Guido Dippel: 95 Prozent aller Masseure sind Frauen, weil mehr Kunden Männer sind. Frauen tun sich noch schwer, eine Tantramassage zu buchen, obwohl es doch immer mehr werden. Sehr viele Frauen interessieren sich sehr für eine Tantramassage, ich kann sie nur ermutigen, zu einem zertifizierten Masseur zu gehen, um zu fühlen, was es für eine Bereicherung sein kann.

 

Séparée: Massieren Sie denn auch Männer?

Guido Dippel: Ja, manchmal. Zuerst ist das für Männer eine große Hürde. Aber es geht ja um den Menschen, nicht um das Geschlecht, obwohl die meisten Männer, die zu mir kommen, schwul sind oder eine Bi-Neigung haben, wenn sie nicht tantraerfahren sind. Es ist aber auch empfehlenswert, gegengeschlechtlich zu massieren. Ying und Yang eben. Bei Frauen ist das Interesse an Tantra sehr groß, aber leider ist bei ihnen da immer noch eine Hemmschwelle. Sie sind nicht so spontan wie die Männer und benötigen im Vorfeld mehr Information.

 

Séparée: Tantra, das klingt nach magischer Sexorgie auf der Yogamatte.

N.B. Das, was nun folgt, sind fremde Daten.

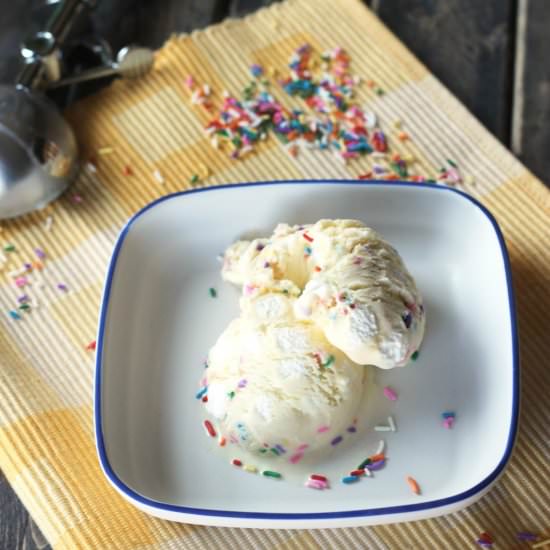 White Chocolate Mallow Ice Cream - Recipe photo by forkingup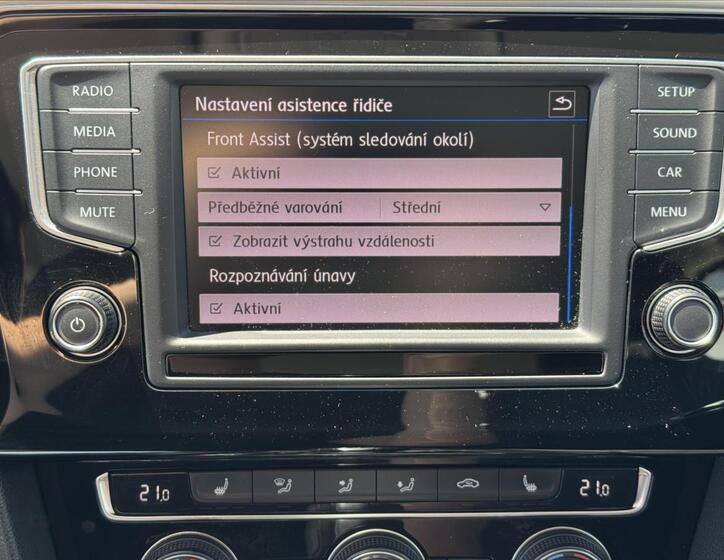 Volkswagen Passat 19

Was bedeutet Tantra für Sie?

 

Guido Dippel: Tantra ist eine uralte Lebensphilosophie. Das Wort Tantra kommt aus dem Sanskrit und bedeutet soviel wie „verweben, vernetzen“. Es ist vor Tausenden von Jahren in Indien entstanden, um die Kastensysteme aufzubrechen. Früher gab es durchaus auch Orgien in Tempeln und sogar auf Friedhöfen. Für mich bedeutet Tantra vor allem Ganzheitlichkeit bei der Berührung, nicht nur Arme, Beine und Rücken, sondern auch die Zehen, die Haarspitzen und den Intimbereich einzubeziehen, der ja auch dazugehört. Tantra und Tantramassage haben für mich viel mit Respekt, Würde und Achtsamkeit zu tun.

 

Séparée: Im Westen wird Tantra oft auf sexuelle Aspekte reduziert, die in der eigentlichen Erkenntnislehre gar nicht im Mittelpunkt stehen. Wo sehen Sie die wesentlichen Unterschiede zwischen Tantra und einem westlichen Umgang mit Sexualität?

Guido Dippel: Sex im Westen ist mehr auf das Körperliche beschränkt. In unserer Gesellschaft ist das Ziel beim Sex der Orgasmus. Ohne ist der Sex nicht gut. Beim Tantra geht es aber auch darum Seele und Geist einzubeziehen.

 

Séparée: Sie haben sich nach eigener Aussage auf den tantrischen Weg gemacht. Wie würden Sie diesen Weg beschreiben? Von wo sind Sie gestartet und wo soll die Reise hingehen?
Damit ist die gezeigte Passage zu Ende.